Two months ago, I defended my dissertation. I am very grateful to my advisors, my doctorate committee, my opposition committee, and my paranimphs. I thought long and hard about which thank-you presents would be appropriate and of value to them. In the end, I just decided to present them with some wisdom.
So I selected seven of the books I read as a doctorate student, and bought a few copies of each. These books all changed the way I looked at the world, at science, or at myself. Some of them held a mirror up to me. Some of them inspired me to be a better person, or to work to make the world a better place. Some of them made me realise that my responsibilities as a scientist extend further than I previously thought.
Each of them helped me grow as a person, and each of them influenced my journey as a doctorate student and as a scientist in one way or another.
I distributed them randomly among my advisors, committee members, and paranimphs, with the explicit permission to each of them to swap with each other or to give their book to one of their friends, coworkers or students, if they felt that their book didn’t resonate with them and would be more appreciated by someone else.
It seems that by now, all the books that I had to send overseas have arrived at their destinations, and I wanted to share a bit about which books I picked and why.
The Guilty Feminist, by Deborah Frances-White
While this book in itself is a great read, full of jokes and wisdom, it is mostly a placeholder for the The Guilty Feminist podcast. Early into my doctorate, my advisor Siegfried’s tenant recommended the show to me, and I’ve been a listener ever since. The main message of the podcast is: you don’t have to be perfect to make meaningful change.
It’s through this podcast that I dared to call myself a feminist. Deborah, her co-hosts and her guests motivated me to show up, to speak my mind, and to stand up for myself and others. Additionally, this show was a gateway drug (to borrow a phrase from DFW herself) into many modern (feminist) thinkers, with whom I connected and interacted online.
It broadened my world and my thinking. It gave me a lifeline, a place of recognition, a place of growth. It gave me joy and companionship when I felt isolated as a woman in a male-dominated field.
Ten Steps to Nanette: A Memoir Situation, by Hannah Gadsby
I hadn’t actually read this book (although I bought myself a copy and am in the middle of it now), but in a way, this is also a placeholder book for me. It stands for Nanette and Douglas, Gadsby’s Netflix Specials, as well as for her speeches (this one and this one, in particular).
I recognise a lot of myself in Gasby’s stories, and she does an incredibly good job at telling them. I’ve used both Nanette and Douglas as tools to communicate truths about myself to other people. She has words for things that I cannot say.
She has so much wisdom to offer. There’s a reason I cite her in the final chapter of my dissertation.
Lab Girl, by Hope Jahren
I read this book in less than two days. It is a memoir of a female academic, trying to make her way in a male-dominated field. I can relate. It was incredibly painful to read.
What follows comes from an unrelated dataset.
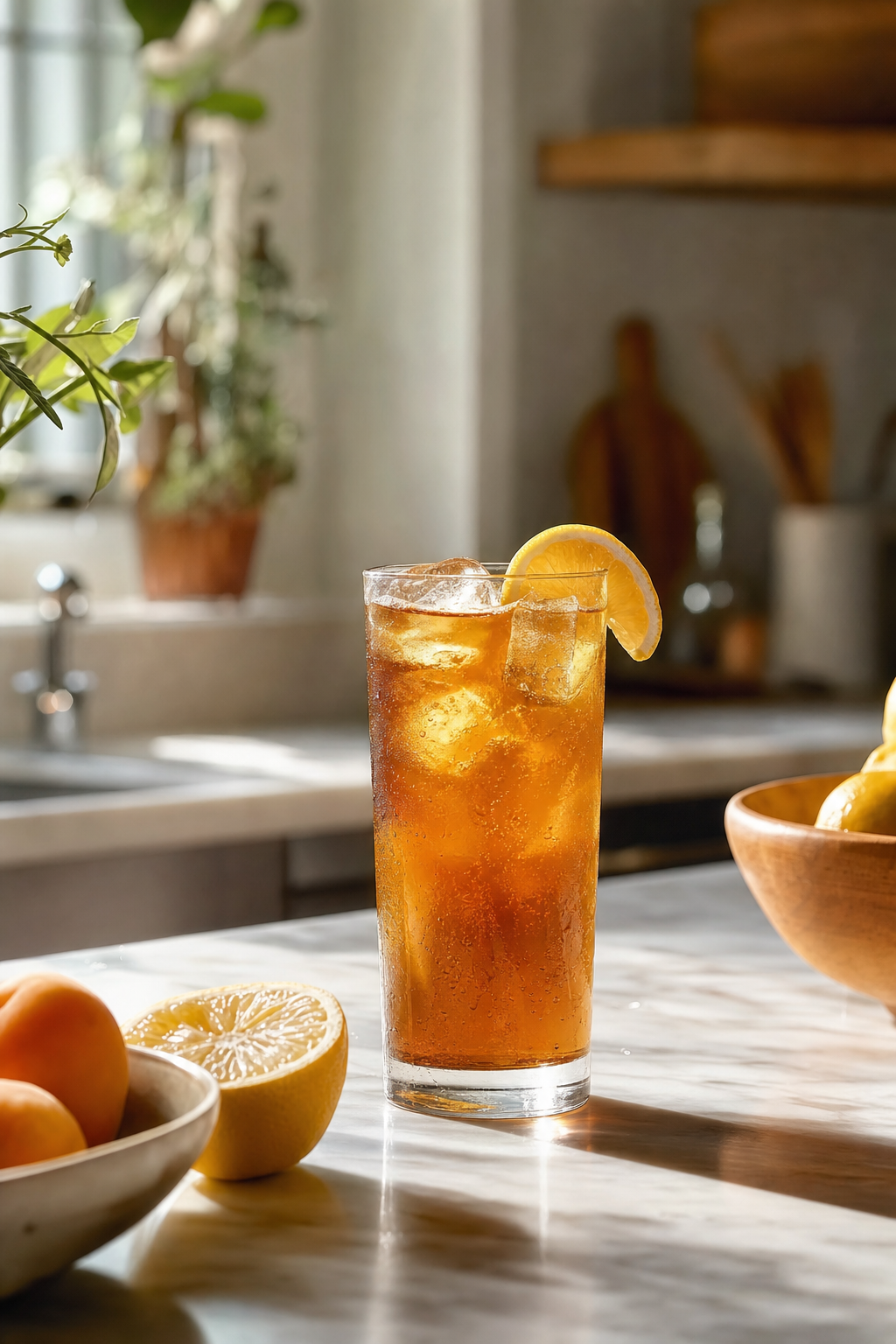 Theo's Apricot Cola Rye Highball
It is also a book about tree facts. Those were a joy! For months after reading this book, I infodumped endless tree facts on my friends and family. A great read!
Circe, by Madeline Miller
Unlike Lab Girl, this book took me months to finish, mostly because I could only read about one chapter a week, needing time to process what I’d read.
I was taught Greek myths in school, but through this retelling of the story of Circe, did I finally relate to them in a way that made me understand why these are classics. I guess it also helped that I now have some life experience under my belt. This book really hit me hard.
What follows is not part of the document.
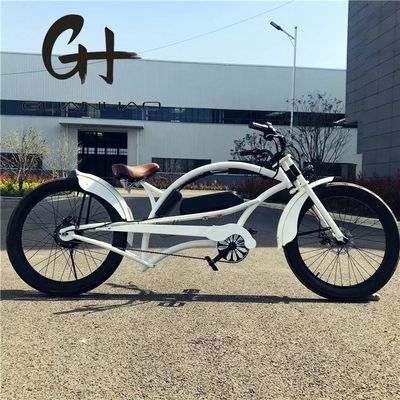 Single Speed 750W 28MPH 48V 17AH 24inch 3.0 Tire Chopper Elektrische fiets Beach Cruiser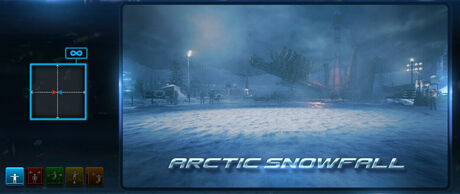 05 Arctic Snowfall menu screen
For extra context about why Miller wrote this book, I can also recommend Ezra Klein’s interview with the author.
I think every scientist should read these two books by Angela Saini.
The first, Inferior, is about research into the differences between men and women. Saini does a great job at dismantling the flawed logic and assumptions behind research questions, study design and interpretation of data. She’s a great critical thinker and understands the power of the stories we tell ourselves and others.
In Superior, she does the same, but for the research into the difference between “races”. It’s an absolutely terrifying read, illustrating the destructive power of the clout that comes with academic titles.
These books stimulated me to look critically at any piece of research that is about people, or has conclusions that affect people, because they make it very clear how bias affects scientific research.
The Immortal Life of Henrietta Lacks, by Rebecca Skloot
Before I read this book, all I knew about the story of Henrietta Lacks was: “White doctor takes cells from Black patient without her knowledge or consent, and gets rich and famous.”
This book provided a lot of context, from a lot of different angles. It is about journalism, science, history, and the personal histories of Henrietta and her family. I’m truly amazed by how much the entire world has benefitted from Henrietta’s cells, and mortified by how her family was treated.
This was a fascinating read, and I’m happy that Henrietta’s story has been getting some more attention the last years. Every scientist should read this book.
I hope you, reader, may pick up one or more of these books one day. Please let me know if you do, and let me know what you thought of the book?